Assertion 1: Consider a string \(\text{pattern}\) of length \(m\). Let \(A=(Q, \Sigma, \delta, q_0, F)\) be a DFA such that \(L(A)=\{w \mid w \text{ ends with pattern}\}\). Then, \(A\) has \(m + 1\) states (\(\mid Q \mid = m\)) and a single final state \(q_F\) (\(\mid F \mid = 1\)).

For example, if \(\text{pattern}=ll\), \(Q=\{0, 1, 2\}\), \(\Sigma=\{a,b,\dots,z\}\), \(q_0=0\) and \(F=\{2\}\), then \(A\) is as shown:

Assertion 2: Let \(A\) be a DFA as mentioned above with \(Q=\{0, 1, \dots, m\}\) and \(q_F=m\).

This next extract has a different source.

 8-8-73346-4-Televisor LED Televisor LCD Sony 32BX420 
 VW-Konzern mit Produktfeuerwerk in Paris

Consider a string \(\text{text}\) of length \(n\).

If \(\text{text}\) is processed through \(A\) and the final state \(q_F=m\) is reached on the character at index \(i \lt n\), then \(\text{pattern}\) exists in \(\text{text}\) and starts at index \(i - m + 1\).

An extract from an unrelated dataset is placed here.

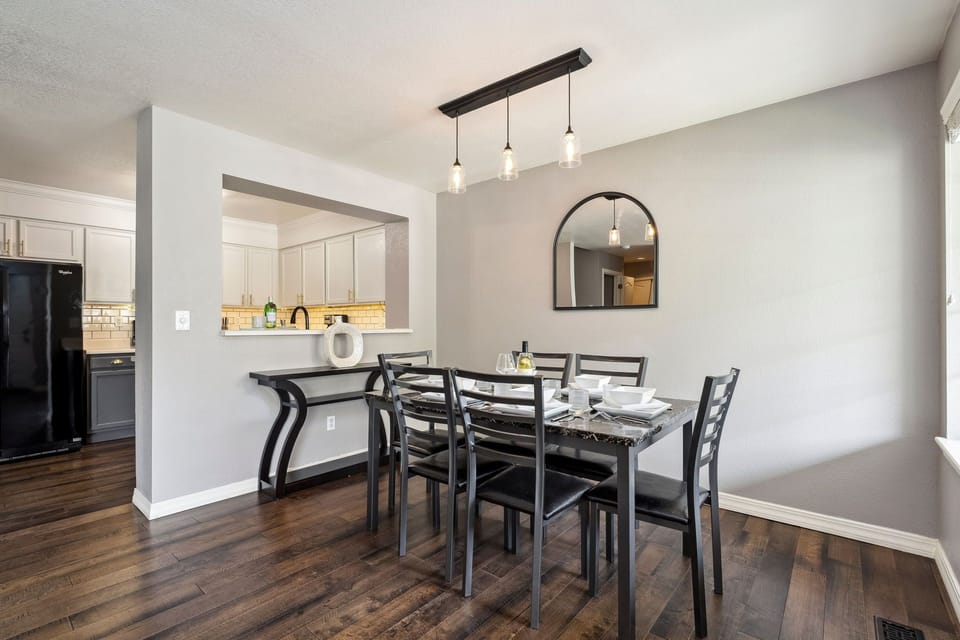 Dining Area | Seating for 6!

Assertion 3: The empty string \(\epsilon\) is a prefix and a suffix of all strings.

The solution is made up of three parts.

Prefix Function

The prefix function is a function \(\pi:\{0, 1, \dots, m - 1\} \rightarrow \{0, 1, \dots, m-1\}\) defined for \(\text{pattern}\) such that:

\[\pi[q] = \max \{k: k \lt q \text{ and pattern}[:k] \text{ is a suffix of pattern}[:q]\}\]

In other words, \(\pi[q]\) is the length of the longest prefix of \(\text{pattern}\) that is a proper suffix (since \(k \lt q\)) of \(\text{pattern}[:q+1]\).

For example, let \(\text{pattern} = \text{ababaca}\).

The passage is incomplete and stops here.